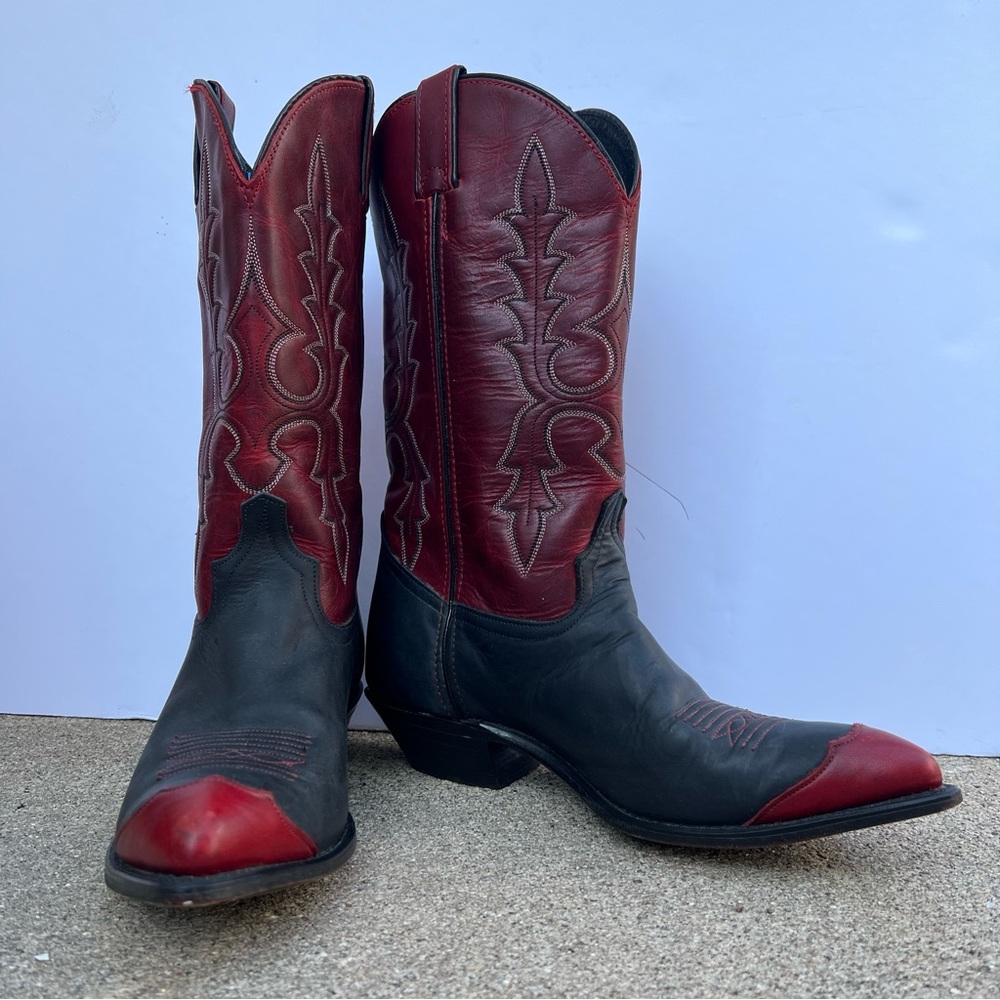 Vintage Black and Marron Western Cowboy Boots - leather Code West boots size 9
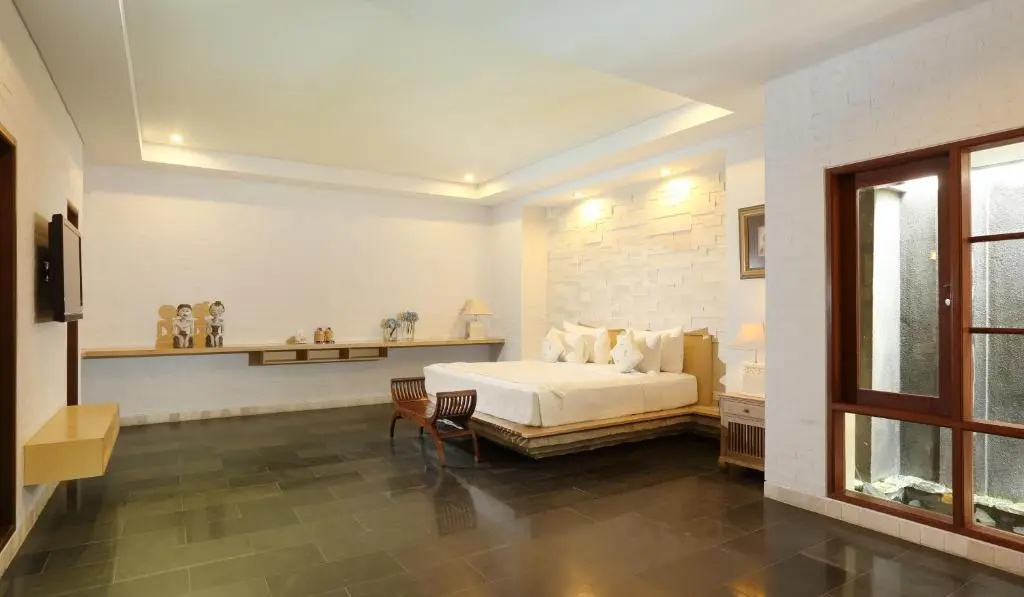 2 Bedrooms Grand Royal Pool Villa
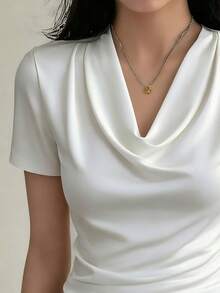 DAZY Solid Color Round Neck Fitted Short Sleeve Women T-Shirt - White - View 3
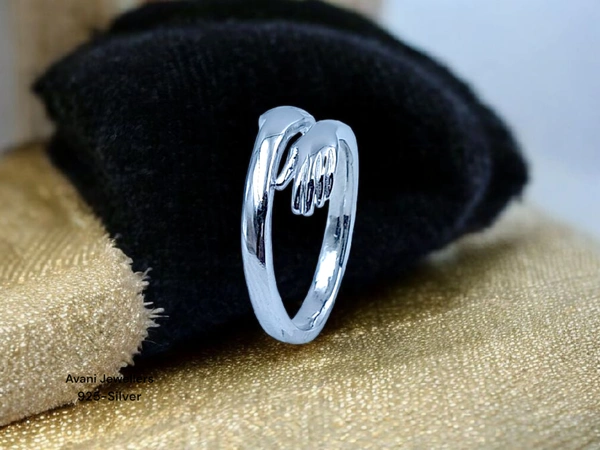 Silver Ladies Fancy Ring - 2.63, ADJUSTABLE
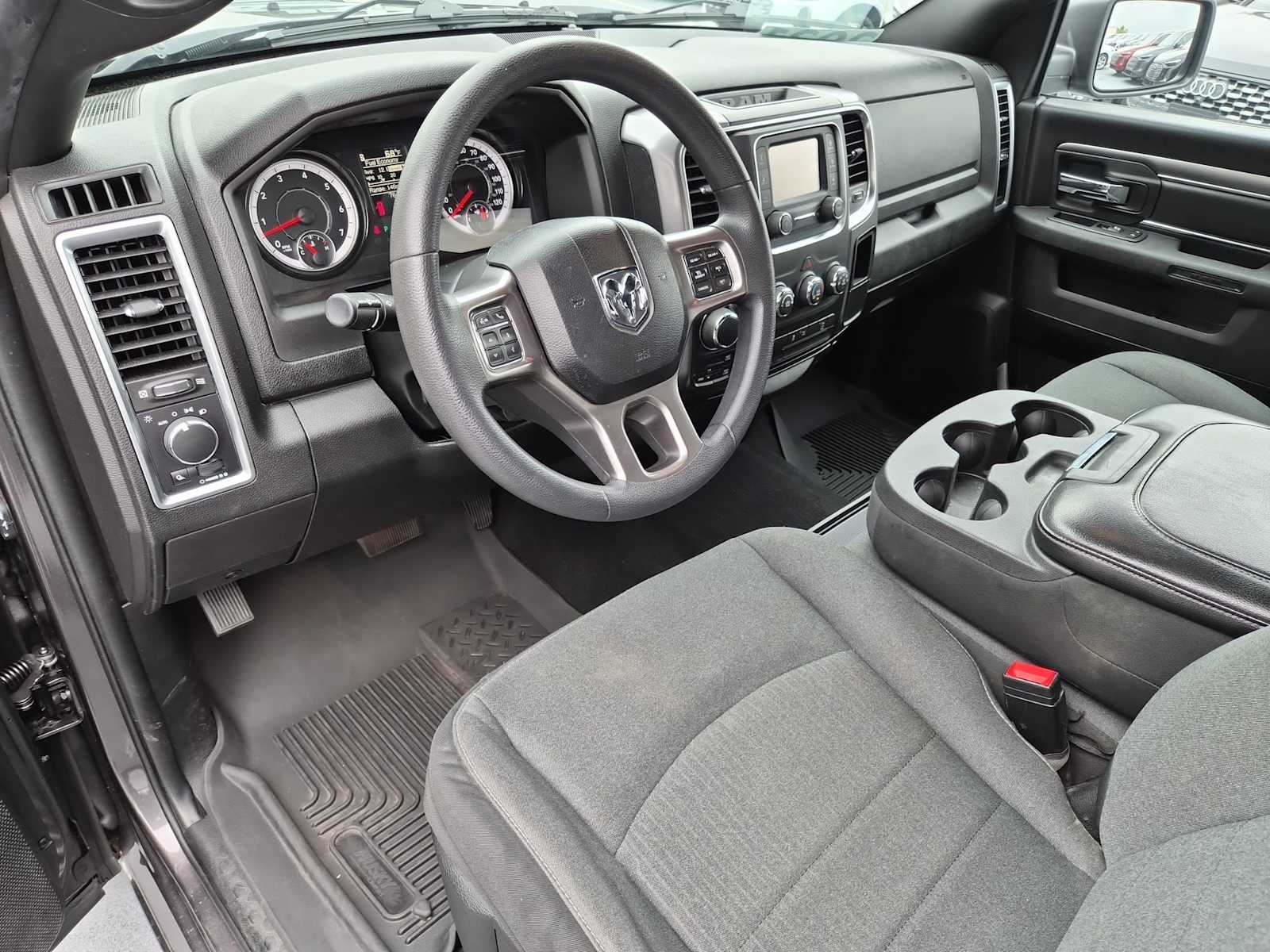 Thumbnail: 2021 RAM 1500 Classic - 2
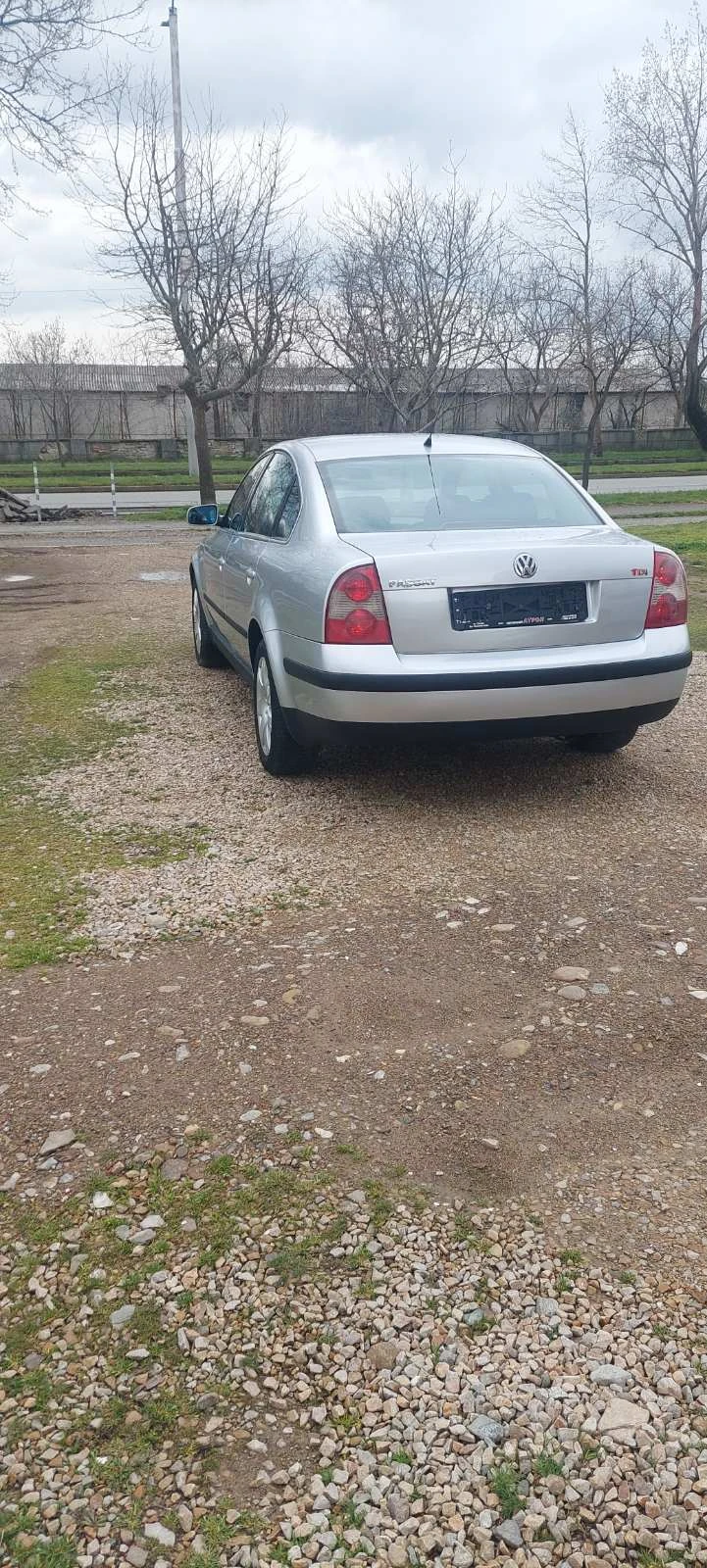 VW Passat 1.9 tdi клима, снимка 6 - Автомобили и джипове - 54248102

What needs to be done » Extract the lines beginning with the one that contains "Thumbnail: 2021 RAM 1500 Classic - 2" and ending with the last line of the listing. Keep them exact and drop the pictures.

Task answer »
 Thumbnail: 2021 RAM 1500 Classic - 2
 VW Passat 1.9 tdi клима, снимка 6 - Автомобили и джипове - 54248102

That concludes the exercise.